こうした企画ものは、賞を安っぽく見せるおそれがあって、とくに、乱発すると危険なものです。第3回のコンテストはその気配なきにしもあらずですが、ひとつだけ注目に値するのは、最優秀はなれわざ特別賞の、ジャック・モフェット「女と虎と」です。ただし、この作品を評価するためには、その前提となる著名な短編を、まず読まねばなりません。フランク・R・ストックトンのリドルストーリイ「女か虎か」です。
「女か虎か」はもともと19世紀の作品で、欧米ではかなり読まれている短編のようですが、この作品もストックトンも、日本語版EQMMに「女か虎か」が掲載されるまで、日本ではあまり知られてはいなかったようです。短編一作が衝撃を与えたという意味で、前々回紹介した「うしろを見るな」と双璧を成すといっていいかもしれません。加田伶太郎に「女か西瓜か」を、小松左京に「女か怪物(ベム)か」を書かせたのですから、なかなかのインパクトだったと言えるでしょう。「女か虎か」は『37の短篇』に収録され、ポケミス版では『天外消失』に入っているので、簡単に読めますから、内容紹介は省きましょう。若者が開いた扉から出てきたのは女か虎か? その答えを書かないまま、読者の想像に委ねたところに、この作品の創意のすべてはありました。読者の想像に委ね、なおかつ、どこまでいってもバランスを崩さないよう考えぬいたところに。
この名短編に続編があることをつきとめたのが、エラリイ・クイーンの自慢でした。EQMMに「女か虎か」を再録したときに、その続編「三日月刀の促進士」をともに掲載したのです。日本語版EQMMに邦訳が載ったときも、二作一緒でした。多くのリストは、日本語版EQMM1958年1月号に「女か虎か」「三日月刀の促進士」が掲載されているとしていますが、当該号の目次には「女か虎か」しか載っていないので、注意を要します。ふたつ併せて「女か虎か」という扱いなのです。「三日月刀の促進士」は、「女か虎か」の話を伝え聞いた他国の使者が、女か虎かを確かめに訪れるという話です。使者を迎えたその国の高官は、それには答えず、別の話を始めます。それは、その国の美女たちの中から妻を娶りたいと訪れた、ある国の王子の話でした。高官の話はそれ自体が、また、ひとつのリドルストーリイになっているという趣向で、正解を言い当てたら、女か虎かを教えましょうと、意地悪く終わっています。

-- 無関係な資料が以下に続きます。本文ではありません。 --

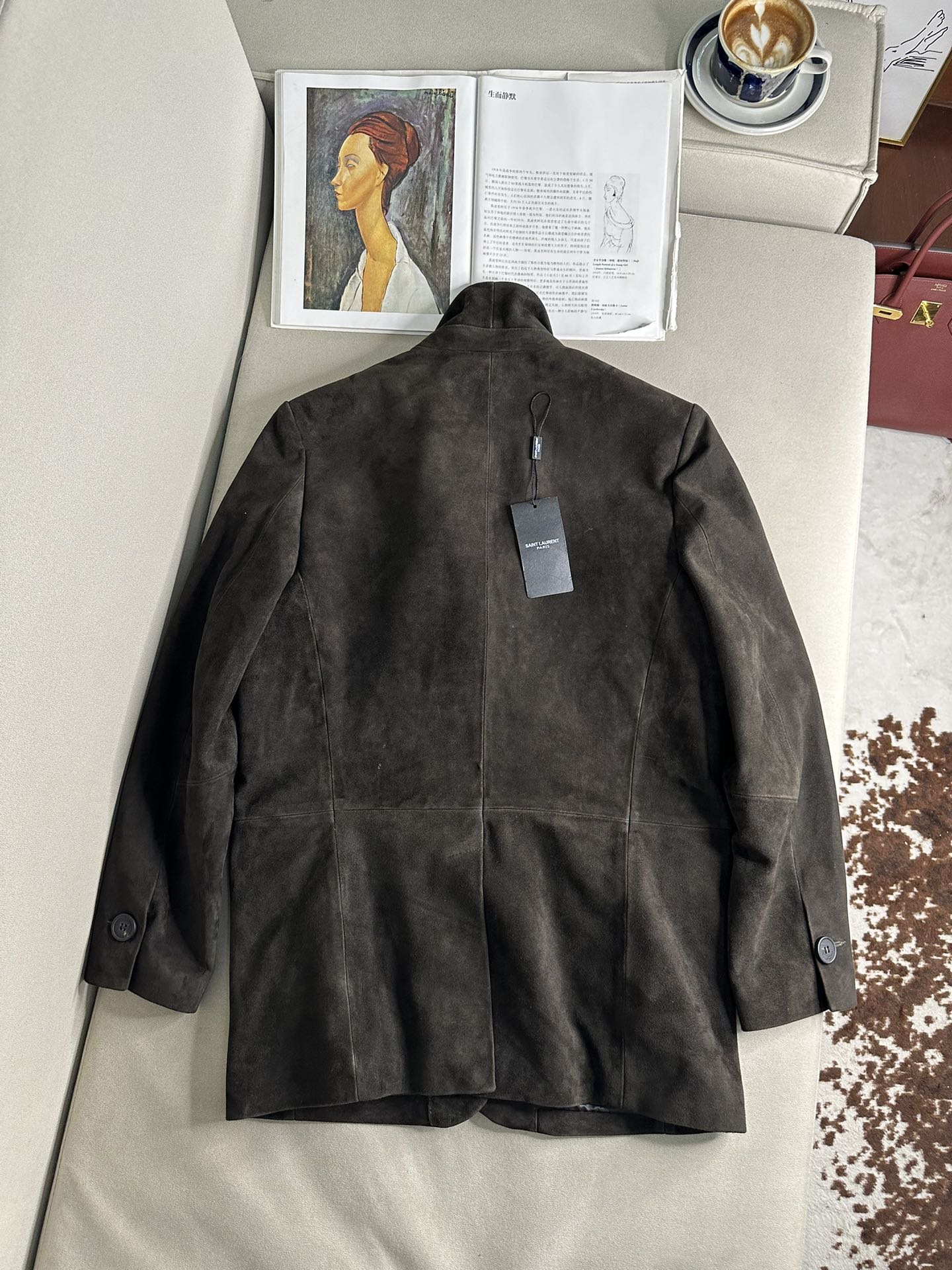 SAINT LAURENT Женский жакет из замши SAINT LAURENT Женский жакет из замши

第3回コンテスト最優秀はなれわざ特別賞の「女と虎と」は、この「女か虎か」にひとつの解決を与えたものでした。ジャック・モフェットの創意は、なかなかのもので、なにより、「女か虎か」の一方を取りながら、同時に他方を捨てなかったところに、巧さがありました。それは確かに、ひとつのはなれわざであったと言えるでしょう。ただし、そのはなれわざを成立させるために、モフェットは、王と王女をヘロデとサロメにしなければなりませんでした。そのため、ストックトンが持っていた寓話性とシンプルな強さが失われたことは否めません。